Supplied material:

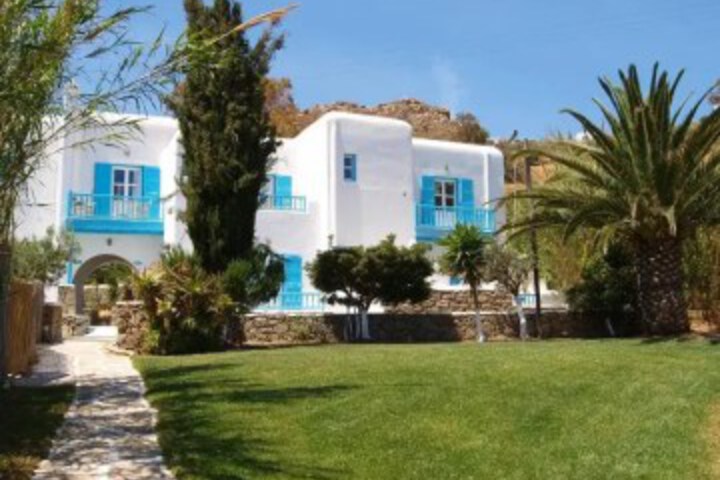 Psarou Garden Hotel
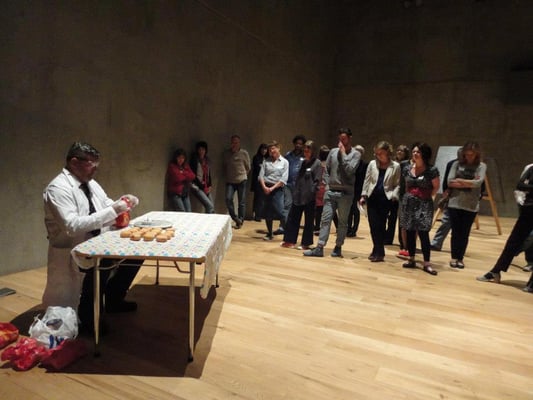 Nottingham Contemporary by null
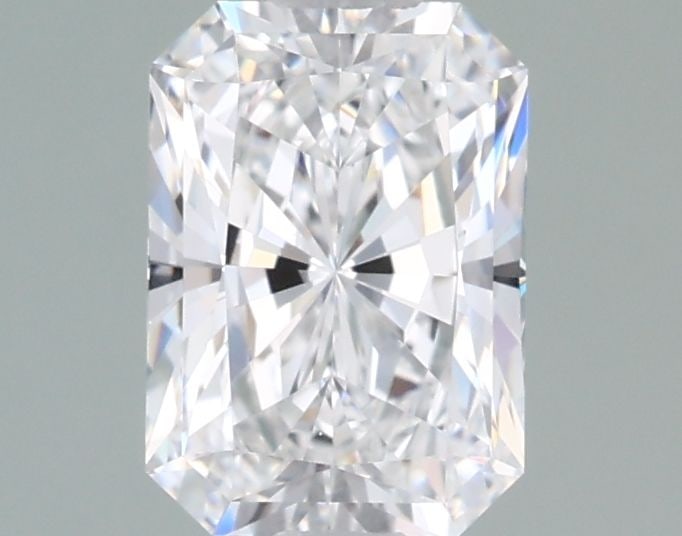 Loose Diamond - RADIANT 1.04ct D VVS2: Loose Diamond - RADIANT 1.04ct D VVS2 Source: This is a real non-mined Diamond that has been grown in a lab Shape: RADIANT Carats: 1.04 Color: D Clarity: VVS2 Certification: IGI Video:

How to complete this task: Pictures are skipped here. Print exactly, and only, the lines from the one holding "Nottingham Contemporary by null" through the final line of the material above, both ends included.

Written reply:
 Nottingham Contemporary by null
 Loose Diamond - RADIANT 1.04ct D VVS2: Loose Diamond - RADIANT 1.04ct D VVS2 Source: This is a real non-mined Diamond that has been grown in a lab Shape: RADIANT Carats: 1.04 Color: D Clarity: VVS2 Certification: IGI Video:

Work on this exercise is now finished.